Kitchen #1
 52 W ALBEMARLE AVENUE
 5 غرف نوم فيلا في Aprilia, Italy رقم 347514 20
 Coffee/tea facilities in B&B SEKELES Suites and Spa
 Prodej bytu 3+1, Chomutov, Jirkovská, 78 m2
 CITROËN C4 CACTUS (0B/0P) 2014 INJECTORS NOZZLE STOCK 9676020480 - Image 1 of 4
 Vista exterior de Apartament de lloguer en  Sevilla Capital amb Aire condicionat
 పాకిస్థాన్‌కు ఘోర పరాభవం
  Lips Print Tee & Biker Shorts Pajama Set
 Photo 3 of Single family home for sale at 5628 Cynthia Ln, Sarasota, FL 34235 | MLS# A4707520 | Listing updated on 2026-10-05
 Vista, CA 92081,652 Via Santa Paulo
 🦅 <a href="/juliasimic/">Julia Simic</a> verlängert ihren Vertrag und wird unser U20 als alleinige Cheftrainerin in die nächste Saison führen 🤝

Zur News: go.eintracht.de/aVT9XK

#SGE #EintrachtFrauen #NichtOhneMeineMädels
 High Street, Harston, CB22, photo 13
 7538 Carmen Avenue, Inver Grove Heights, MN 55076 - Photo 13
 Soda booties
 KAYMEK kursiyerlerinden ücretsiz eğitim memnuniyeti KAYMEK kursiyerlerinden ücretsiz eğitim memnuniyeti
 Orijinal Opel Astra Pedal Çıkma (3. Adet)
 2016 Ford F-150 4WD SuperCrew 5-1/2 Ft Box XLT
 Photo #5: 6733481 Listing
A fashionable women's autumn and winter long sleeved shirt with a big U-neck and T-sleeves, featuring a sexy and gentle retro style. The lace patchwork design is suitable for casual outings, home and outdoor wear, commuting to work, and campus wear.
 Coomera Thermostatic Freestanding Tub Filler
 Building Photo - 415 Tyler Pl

# # # #

## Work instructions:
Print out all of the data above word for word.

## Response box:
Kitchen #1
 52 W ALBEMARLE AVENUE
 5 غرف نوم فيلا في Aprilia, Italy رقم 347514 20
 Coffee/tea facilities in B&B SEKELES Suites and Spa
 Prodej bytu 3+1, Chomutov, Jirkovská, 78 m2
 CITROËN C4 CACTUS (0B/0P) 2014 INJECTORS NOZZLE STOCK 9676020480 - Image 1 of 4
 Vista exterior de Apartament de lloguer en  Sevilla Capital amb Aire condicionat
 పాకిస్థాన్‌కు ఘోర పరాభవం
  Lips Print Tee & Biker Shorts Pajama Set
 Photo 3 of Single family home for sale at 5628 Cynthia Ln, Sarasota, FL 34235 | MLS# A4707520 | Listing updated on 2026-10-05
 Vista, CA 92081,652 Via Santa Paulo
 🦅 <a href="/juliasimic/">Julia Simic</a> verlängert ihren Vertrag und wird unser U20 als alleinige Cheftrainerin in die nächste Saison führen 🤝

Zur News: go.eintracht.de/aVT9XK

#SGE #EintrachtFrauen #NichtOhneMeineMädels
 High Street, Harston, CB22, photo 13
 7538 Carmen Avenue, Inver Grove Heights, MN 55076 - Photo 13
 Soda booties
 KAYMEK kursiyerlerinden ücretsiz eğitim memnuniyeti KAYMEK kursiyerlerinden ücretsiz eğitim memnuniyeti
 Orijinal Opel Astra Pedal Çıkma (3. Adet)
 2016 Ford F-150 4WD SuperCrew 5-1/2 Ft Box XLT
 Photo #5: 6733481 Listing
A fashionable women's autumn and winter long sleeved shirt with a big U-neck and T-sleeves, featuring a sexy and gentle retro style. The lace patchwork design is suitable for casual outings, home and outdoor wear, commuting to work, and campus wear.
 Coomera Thermostatic Freestanding Tub Filler
 Building Photo - 415 Tyler Pl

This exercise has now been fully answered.